I recenti episodi di contestazione da parte degli agricoltori mettono in evidenza come ormai il sistema agroalimentare, così come è stato progettato dai fautori della cosiddetta rivoluzione verde del secolo scorso, sia oggi insostenibile per gli aspetti ecologici, economici e sociali e – perché no ? - etici.

In questa situazione di disagio generale, le proposte che si pongono l’obiettivo di elaborare un modello diverso di produzione e consumo si moltiplicano. Alcune provengono dalla comunità scientifica, altre dalle aziende agricole stesse o da centri di innovazione che sviluppano ricerche partecipate che coinvolgono diversi componenti delle filiere agroalimentari. Tutte queste esperienze, di diversa natura e potenzialità, stanno sperimentando e applicando nuovi principi e pratiche, sviluppando proprie tecnologie.
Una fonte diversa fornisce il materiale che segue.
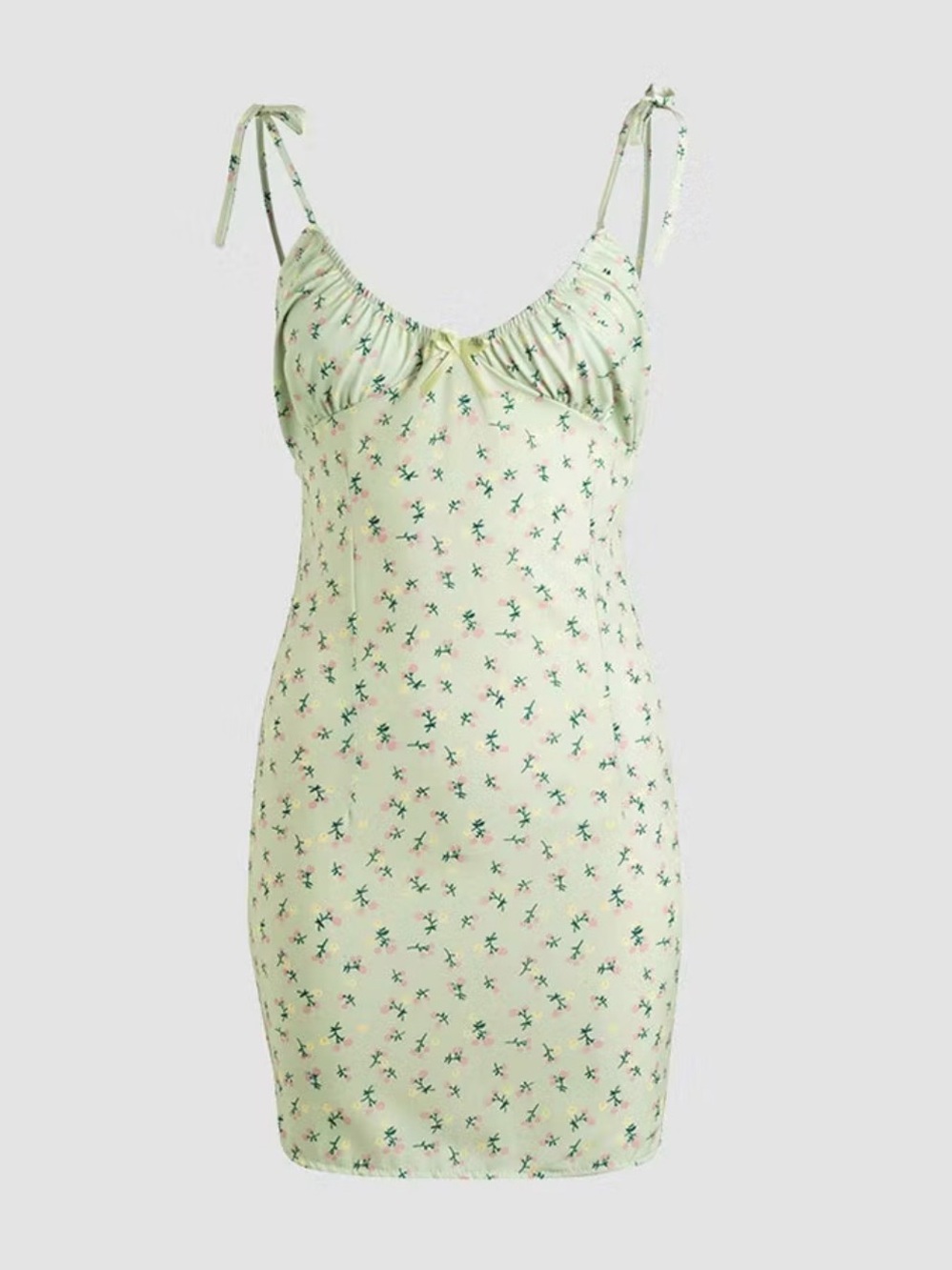 Sage Green Floral Mini Dress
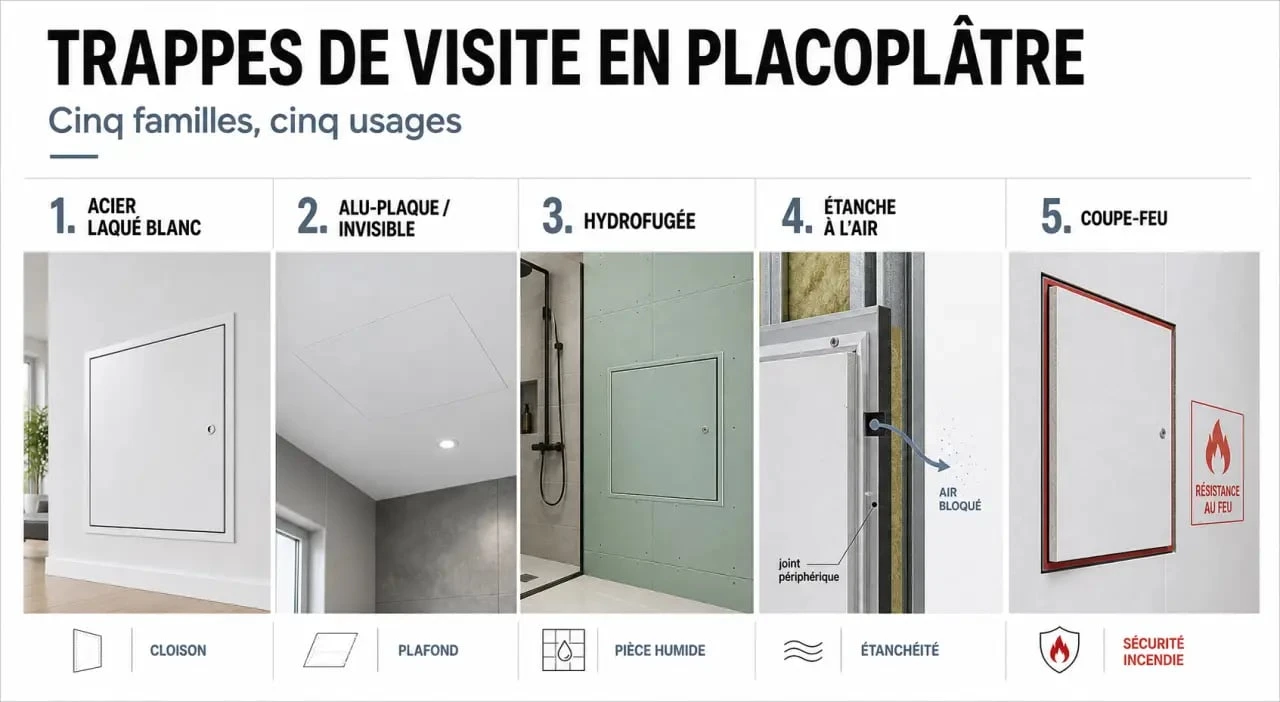 trappes de visite placoplatre : comparaison des types pour cloison, plafond, humidité et coupe-feu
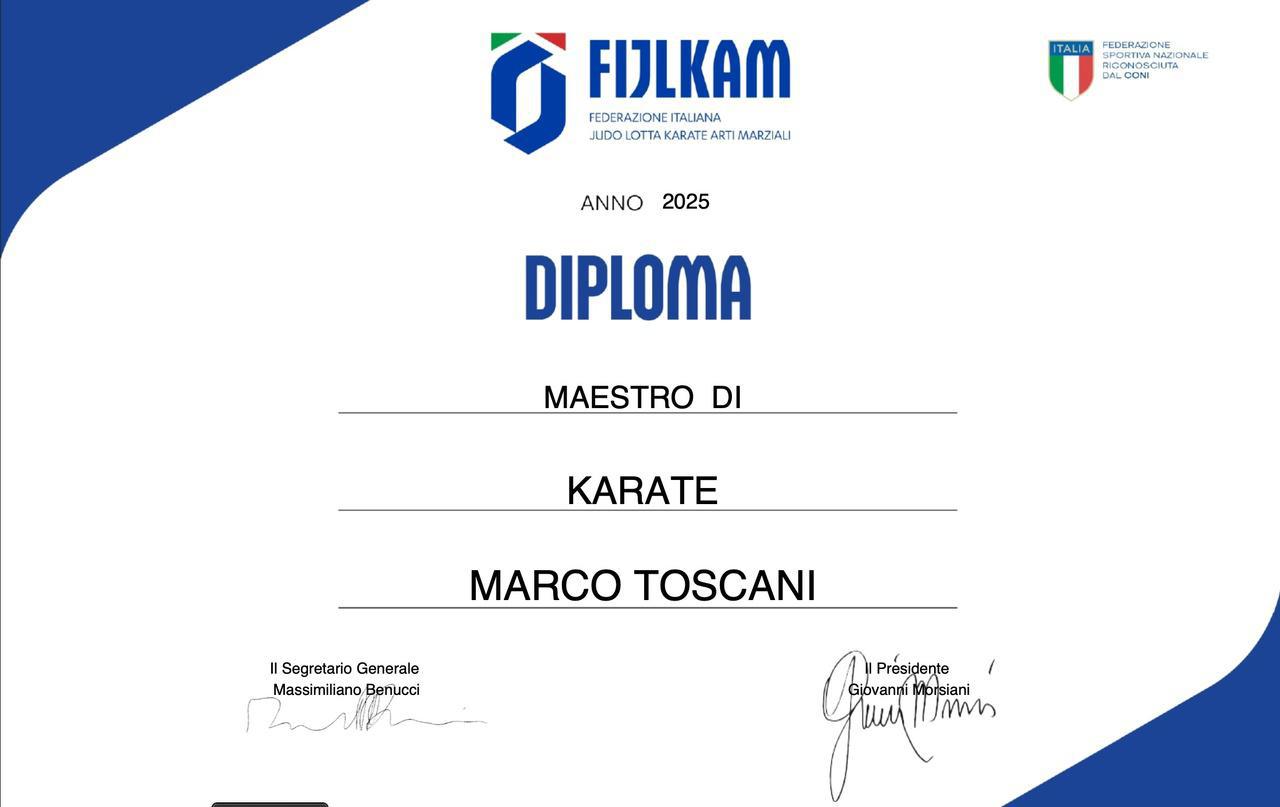 diploma Maestro Marco Toscani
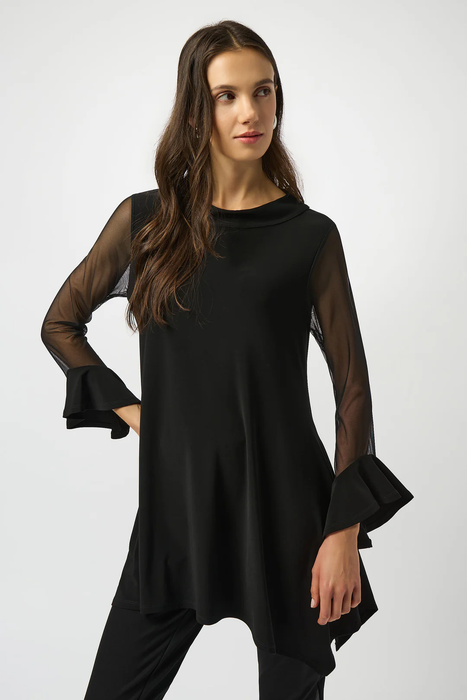 Joseph Ribkoff 253057 Black Asymmetrical Mesh 3/4 Sleeves Tunic Top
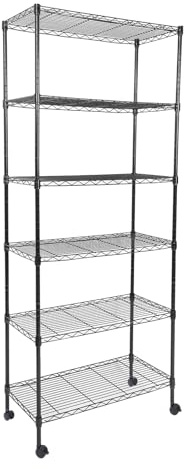 Whitmor 6 Tier Storage Shelves, Heavy Duty with Wheels, 400 lbs Capacity per Shelf, Max 2400 lbs Total, Adjustable Storage Units for Garage, Laundry, Plant, 30 L x 14 W x 70 H, Black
Chi non è del settore non sempre riesce a orientarsi e seguire il dibattito interno.

Tra le molte “agricolture del cambiamento” l’agricoltura rigenerativa (AR) appare promettente perché propone non solo di cambiare alcune parti del sistema, ma di elaborare e applicare nuovi principi e pratiche al fine di dare nuova vita, rigenerare gli agroecosistemi degradati, restituendo loro la capacità di produrre diffusamente alimenti sani e ricchi di elementi nutritivi. Vediamo quali sono le sue caratteristiche. 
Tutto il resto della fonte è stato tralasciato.